**RECORDS FOR THIS EXERCISE**.
-*-*-
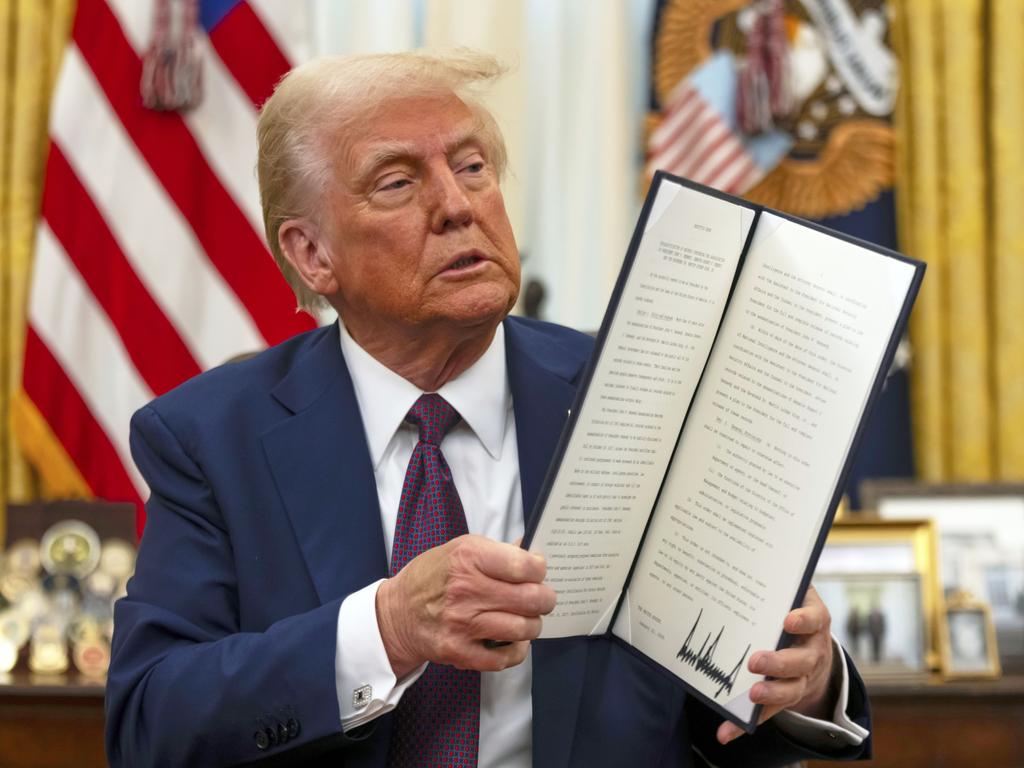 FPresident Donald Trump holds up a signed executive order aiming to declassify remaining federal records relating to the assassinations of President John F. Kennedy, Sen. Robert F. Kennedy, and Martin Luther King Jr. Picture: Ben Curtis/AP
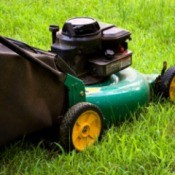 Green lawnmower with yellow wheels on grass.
-*-*-
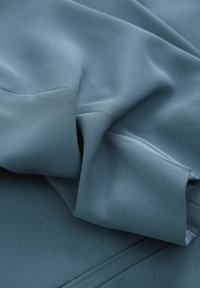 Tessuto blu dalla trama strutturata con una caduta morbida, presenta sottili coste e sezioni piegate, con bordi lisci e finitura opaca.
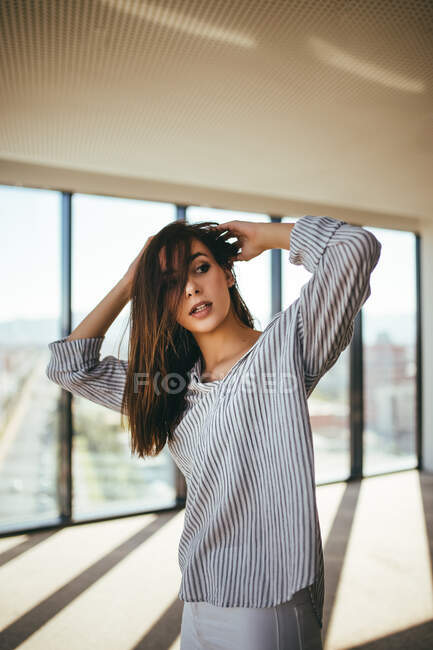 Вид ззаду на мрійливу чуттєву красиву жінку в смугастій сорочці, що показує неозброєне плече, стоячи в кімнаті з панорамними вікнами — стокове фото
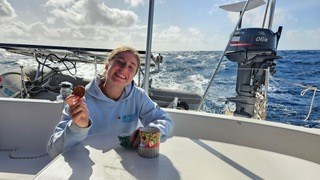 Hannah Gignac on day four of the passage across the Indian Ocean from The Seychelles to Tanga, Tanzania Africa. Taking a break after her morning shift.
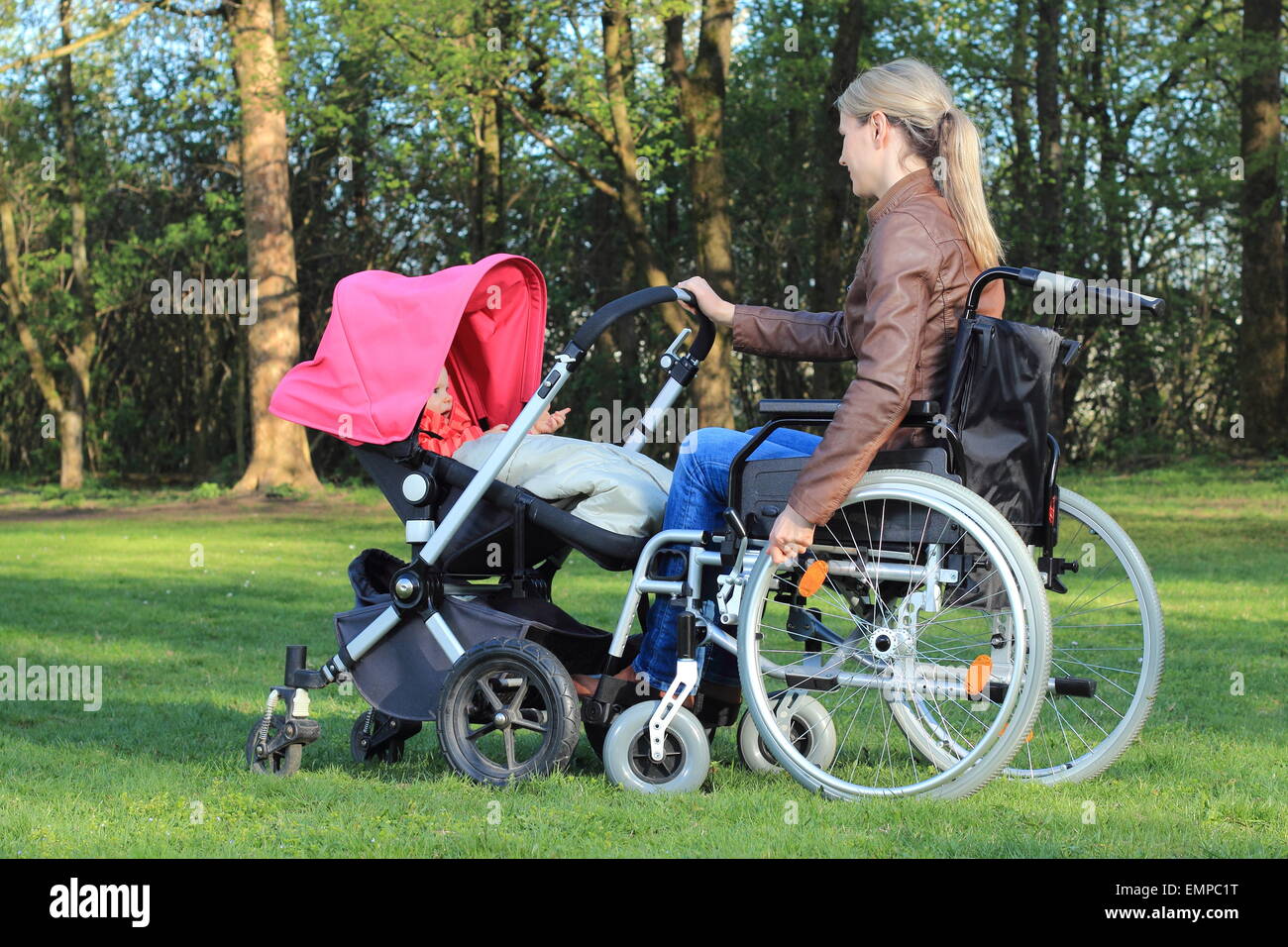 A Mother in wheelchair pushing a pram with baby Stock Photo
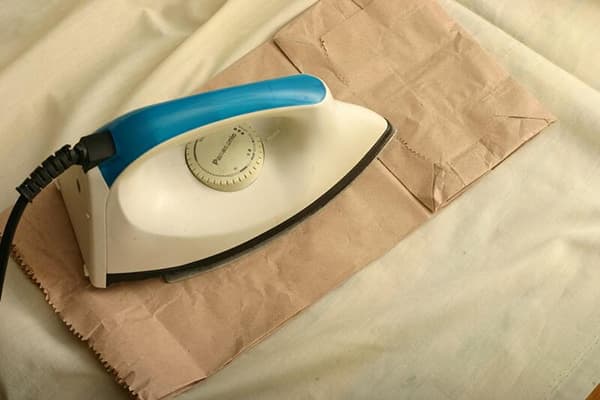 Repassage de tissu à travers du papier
-*-*-
**TO DO**. The copy should hold only the lines from the one with "Вид ззаду на" through the one with "Repassage de tissu à travers du papier", exactly as they stand above. Leave out the pictures.

**EXERCISE OUTPUT**.
 Вид ззаду на мрійливу чуттєву красиву жінку в смугастій сорочці, що показує неозброєне плече, стоячи в кімнаті з панорамними вікнами — стокове фото
 Hannah Gignac on day four of the passage across the Indian Ocean from The Seychelles to Tanga, Tanzania Africa. Taking a break after her morning shift.
 A Mother in wheelchair pushing a pram with baby Stock Photo
 Repassage de tissu à travers du papier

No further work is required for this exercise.